--- INFORMATION SHOWN ---

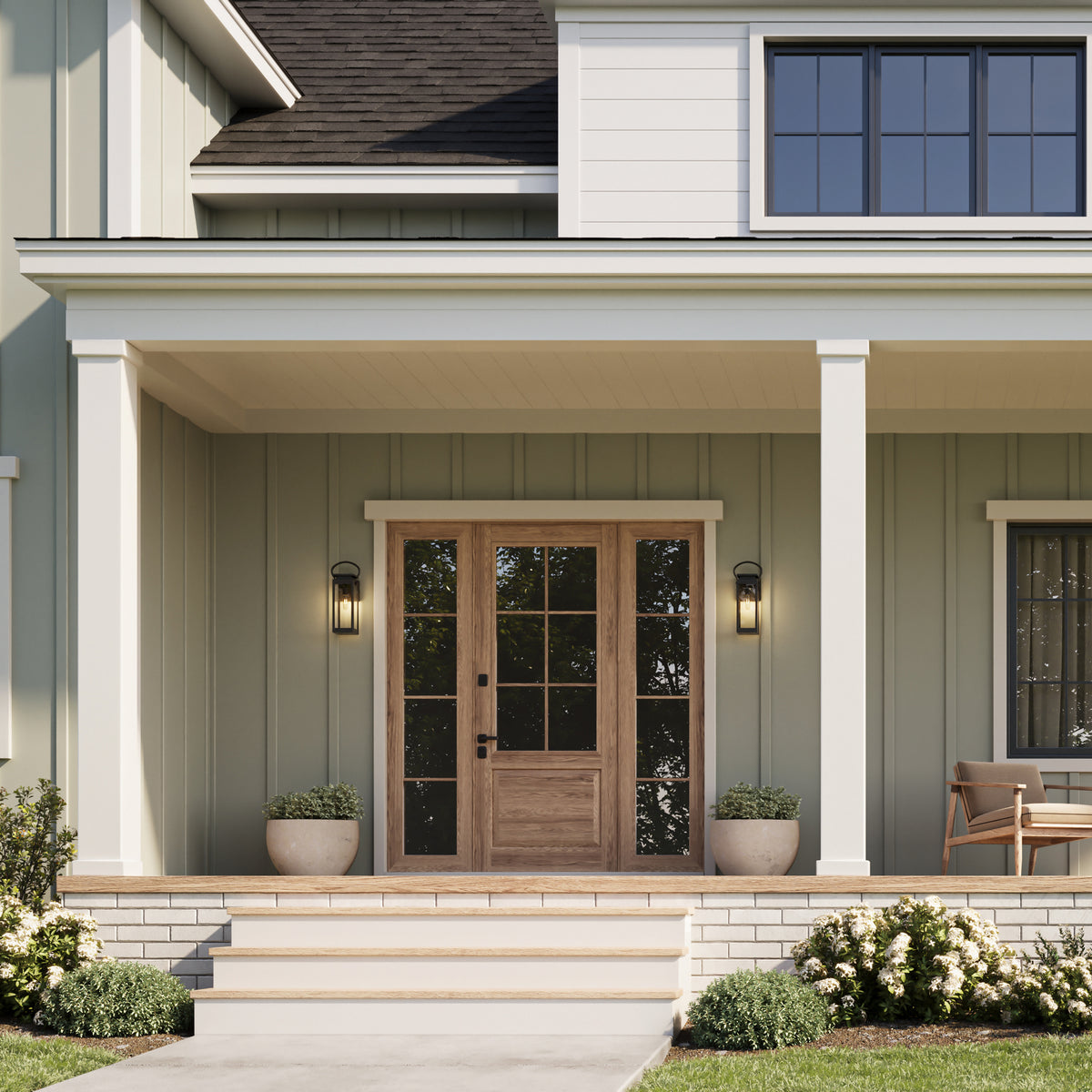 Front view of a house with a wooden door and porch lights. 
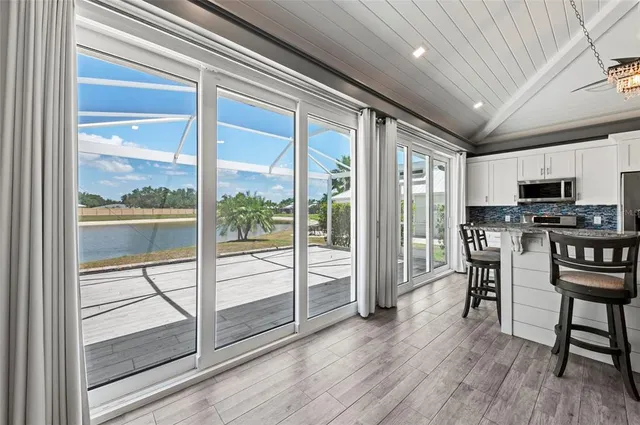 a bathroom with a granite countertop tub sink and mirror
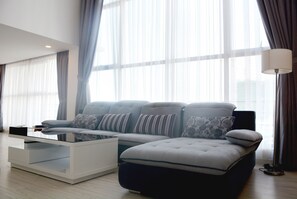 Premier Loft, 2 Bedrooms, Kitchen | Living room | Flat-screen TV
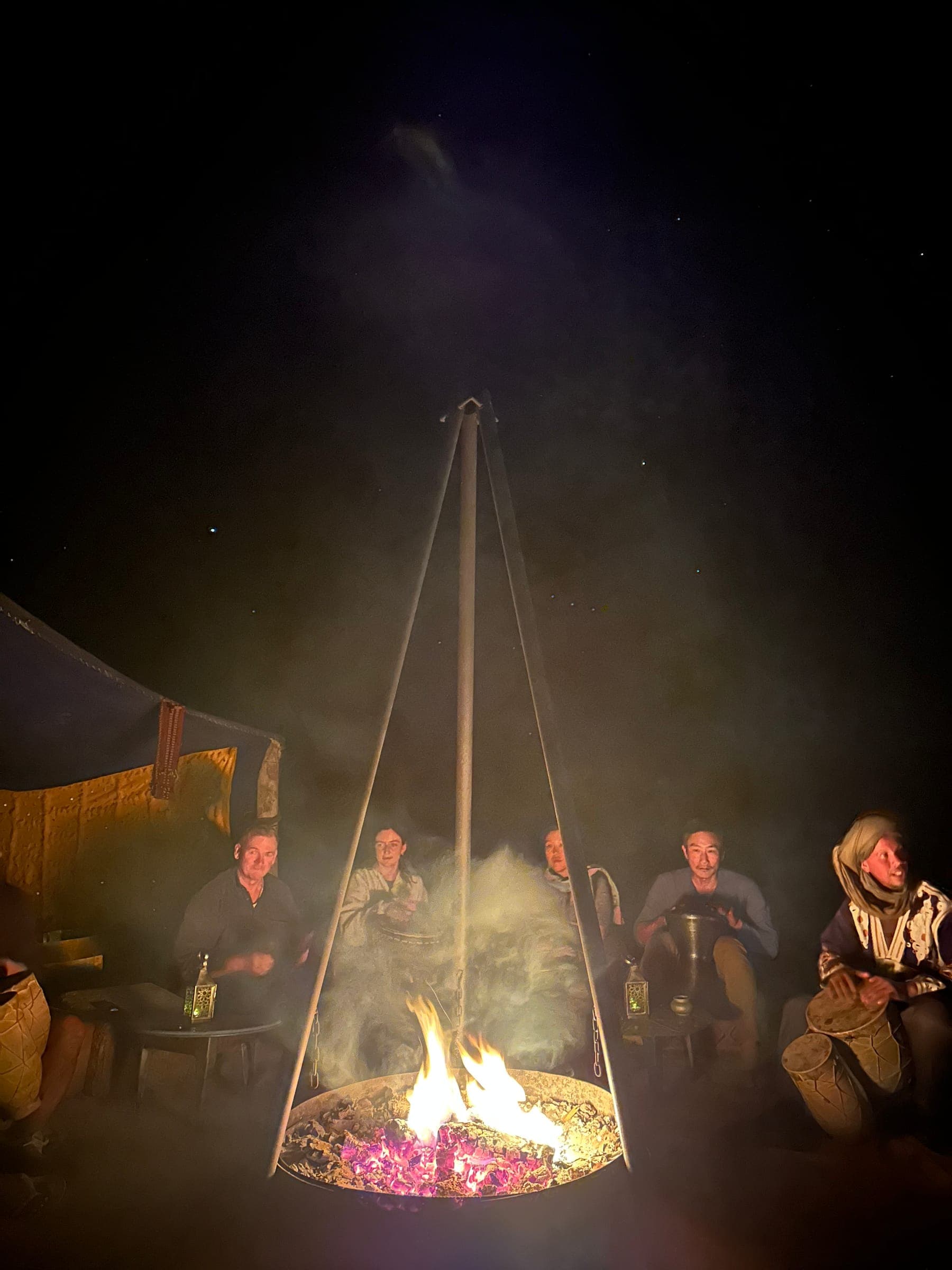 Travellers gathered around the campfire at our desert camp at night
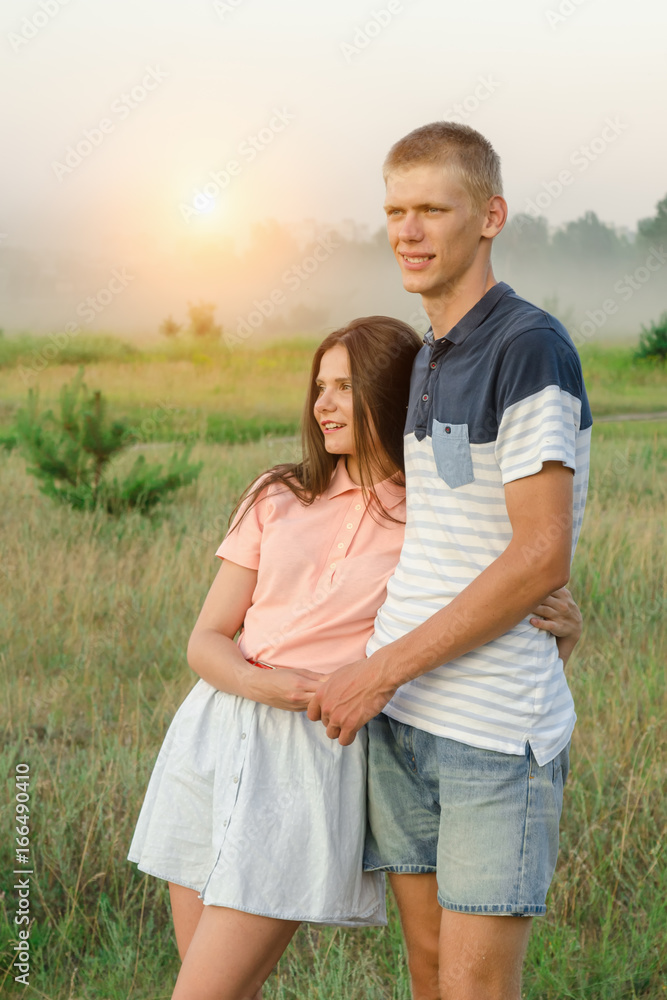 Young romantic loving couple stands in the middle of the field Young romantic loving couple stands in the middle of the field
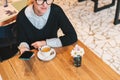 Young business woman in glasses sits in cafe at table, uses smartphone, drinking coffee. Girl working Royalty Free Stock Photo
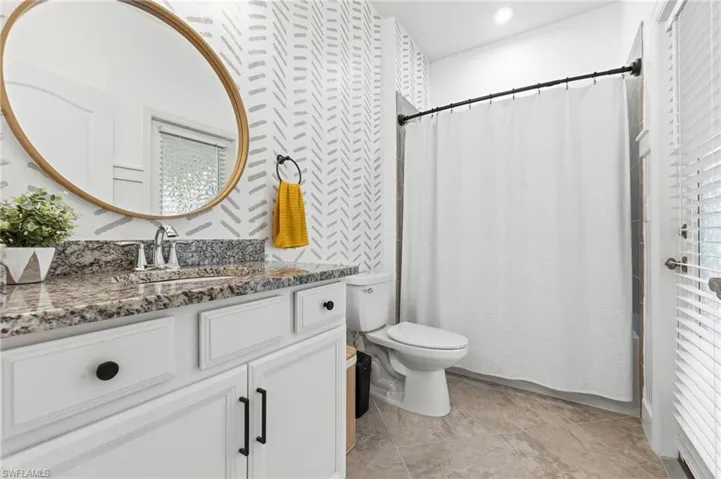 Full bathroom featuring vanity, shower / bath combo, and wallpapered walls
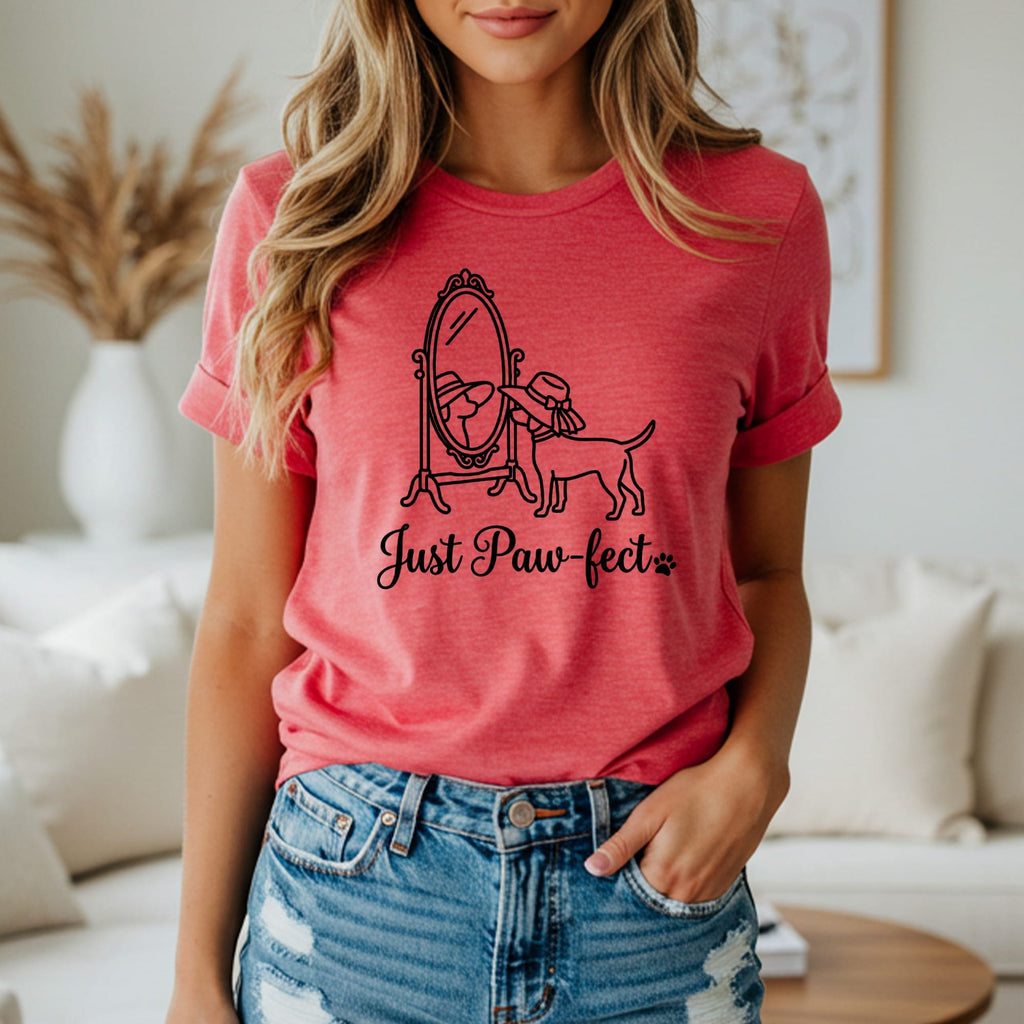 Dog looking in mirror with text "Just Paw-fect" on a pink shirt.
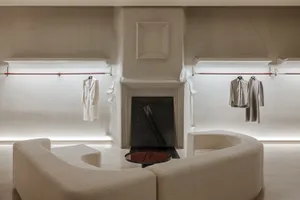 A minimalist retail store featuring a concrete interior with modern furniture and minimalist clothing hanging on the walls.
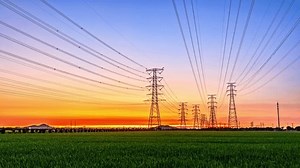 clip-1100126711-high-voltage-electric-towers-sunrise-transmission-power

---

**WHAT NEEDS TO BE DONE**
Please restate the material word for word; the pictures stay out.

**EXERCISE OUTPUT**
 Front view of a house with a wooden door and porch lights. 
 a bathroom with a granite countertop tub sink and mirror
 Premier Loft, 2 Bedrooms, Kitchen | Living room | Flat-screen TV
 Travellers gathered around the campfire at our desert camp at night
 Young romantic loving couple stands in the middle of the field Young romantic loving couple stands in the middle of the field
 Young business woman in glasses sits in cafe at table, uses smartphone, drinking coffee. Girl working Royalty Free Stock Photo
 Full bathroom featuring vanity, shower / bath combo, and wallpapered walls
 Dog looking in mirror with text "Just Paw-fect" on a pink shirt.
 A minimalist retail store featuring a concrete interior with modern furniture and minimalist clothing hanging on the walls.
 clip-1100126711-high-voltage-electric-towers-sunrise-transmission-power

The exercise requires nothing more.